2
votes

We have java application with embedded Elasticsearch in a cluster of 14 nodes. All the data resides in a central database, and they are indexed in elasticsearch for querying. A full reindex can be done at any time.

The system are very query-heavy, the amount of writes are small. The number of documents will not be higher than, say, 300.000. The size of each document varies greatly, from just a couple of ids, to extracted text from e.g word-documents of several pages.

I want to make sure that in case of a total breakdown, it should be sufficient that one or two nodes are available for the system to work.

Write consistency should not be a problem since the master copy of the data is in the database, and it seems that ES is capable of resolving conflicting data by using the newest version (which should be all right in our case)

My first though is to use 1 shard, and 13 replicas. This will naturally ensure that all nodes have access to all data.
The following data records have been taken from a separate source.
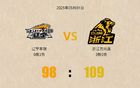 姚明卸任后辽篮王朝终，篮协主席本土化，辽宁篮球辉煌始。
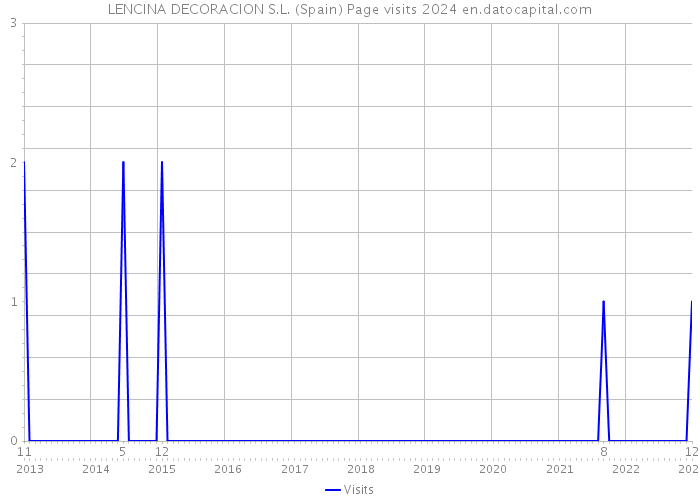 LENCINA DECORACION S.L. (Spain) Page visits 2024 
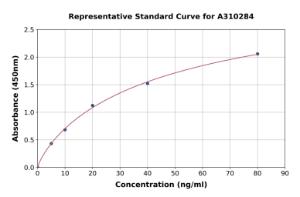 Representative standard curve for Human ADIPOR1 ELISA kit (A310284)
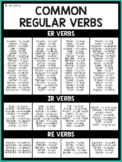 FRENCH: Common Regular French Verbs - ER, IR, RE (Visual)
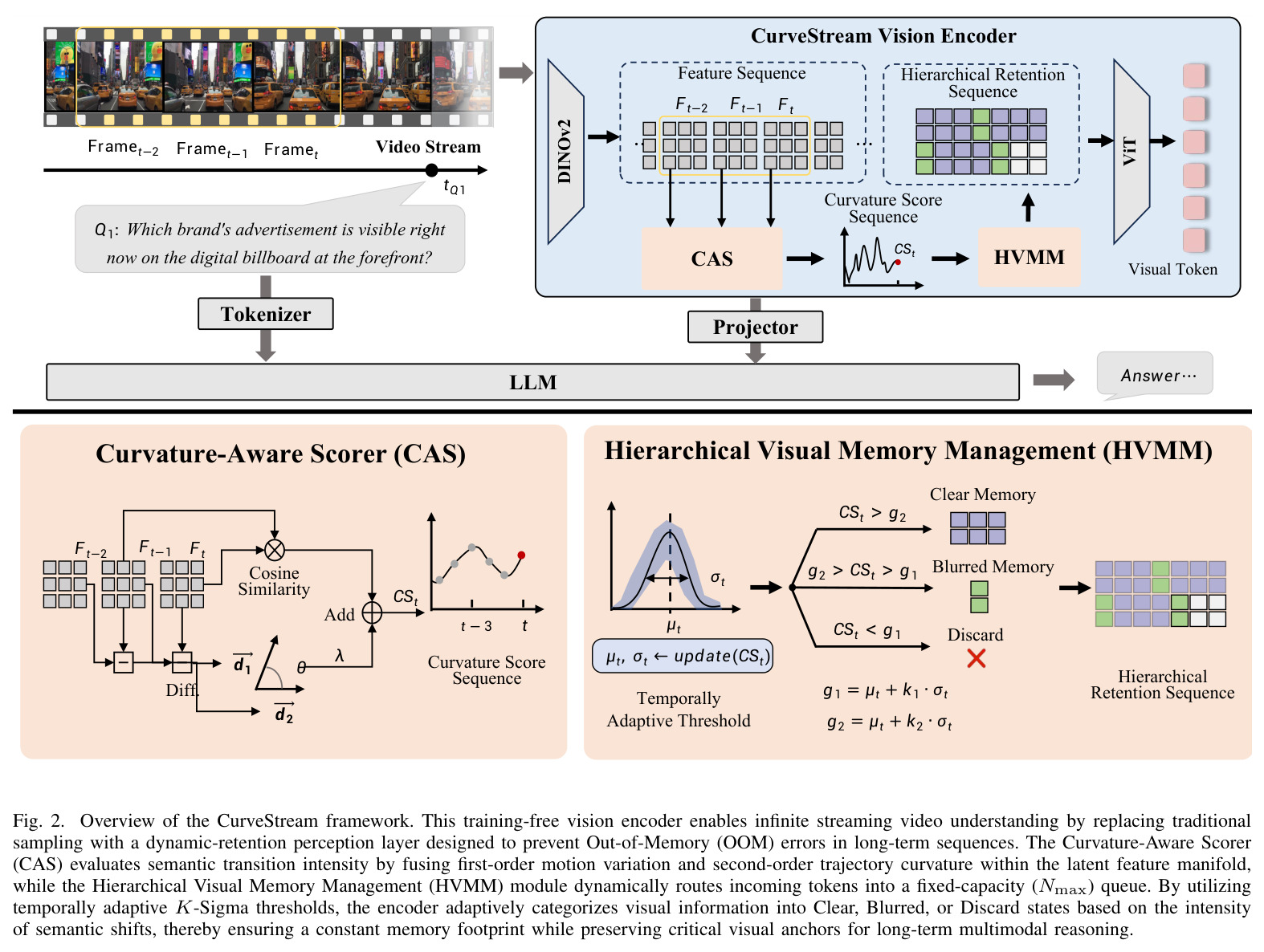 Overview of the CurveStream framework. This training-free vision encoder enables infinite streaming video understanding by replacing traditional sampling with a dynamic-retention perception layer.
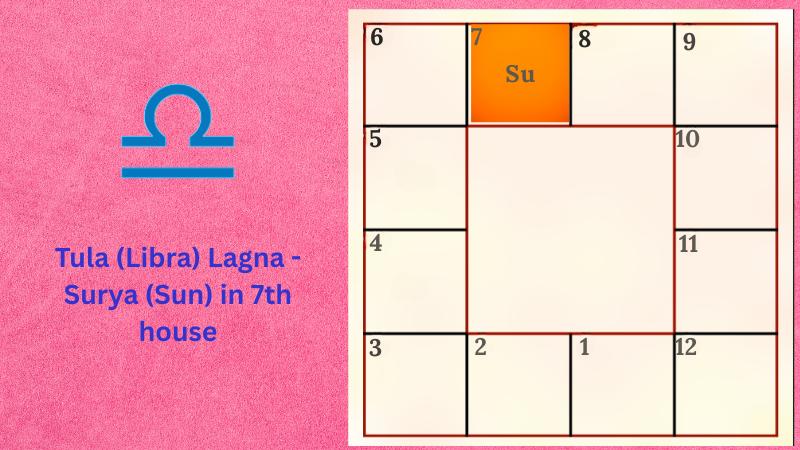 Astrology prediction for Tula (Libra) Lagna - Surya (Sun) in 7th house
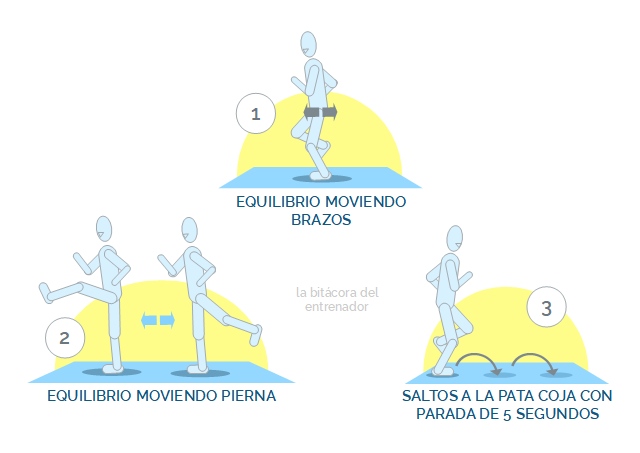 Tabla de ejercicios de fuerza en casa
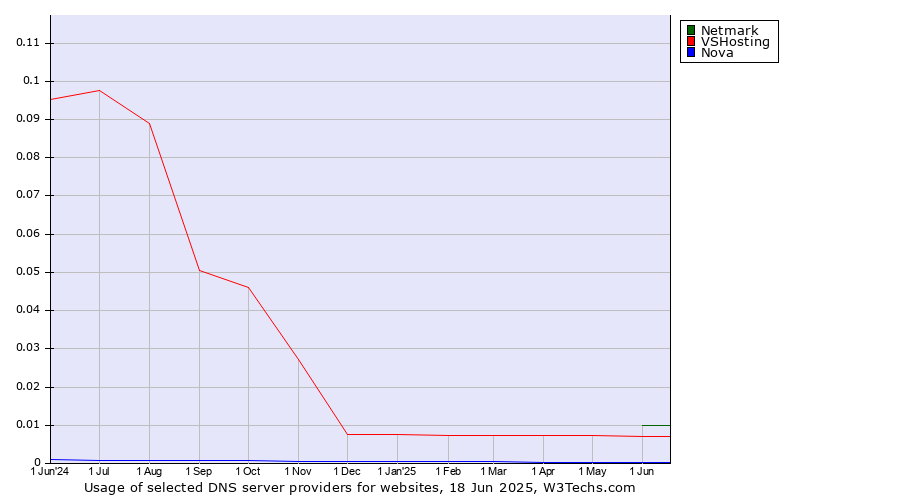 Historical trends in the usage of Netmark vs. VSHosting vs. Nova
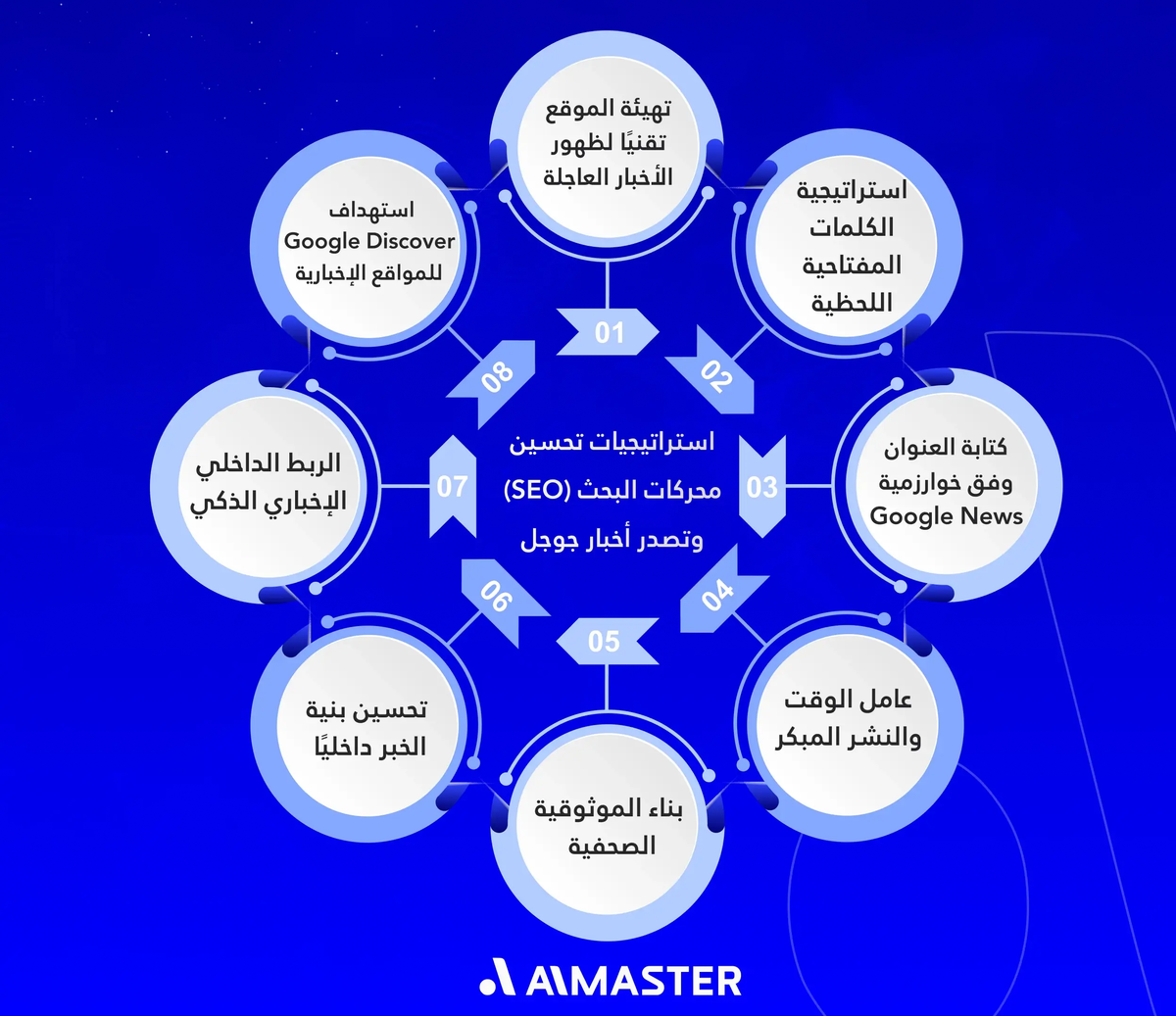استراتيجيات SEO لتصدر أخبار جوجل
This could also be accomplished by having 2 shards / 13 replicas, so this yield that to ensure that all data is available, the number of replicas should be the number of nodes - 1, not depending on the number of shards (which could be anything).

If the requirement of number of nodes are reduced to "2 nodes should be up at any time", then a shards / replica distribution of "x/number of nodes - 2" should be sufficient.

So, for the question:

Asserting the above setup and that my thoughts is correct, would a setup with 1 shard / 13 replicas make sense or would there be anything to gain by adding more shards and run e.g a 4 shards/13 replicas setup?

2

2 Answers

0
votes

After a good bit of research and talking to ES-gurus;

As long as the shard size is small enough, the most efficient way of setting up this cluster would indeed be 1 shard only, with 13 replicas. I have not been able to pinpoint the threshold size of the shard for this starting to perform worse.

0
votes

If the index is big... you will need more than one shard (if you want perfomance). Do You really need 13 replica? When you put only 2 replicas, ES manage that to keep it that way, if the principal node fail, ES will create a new reply. May be you will need a balancer node too.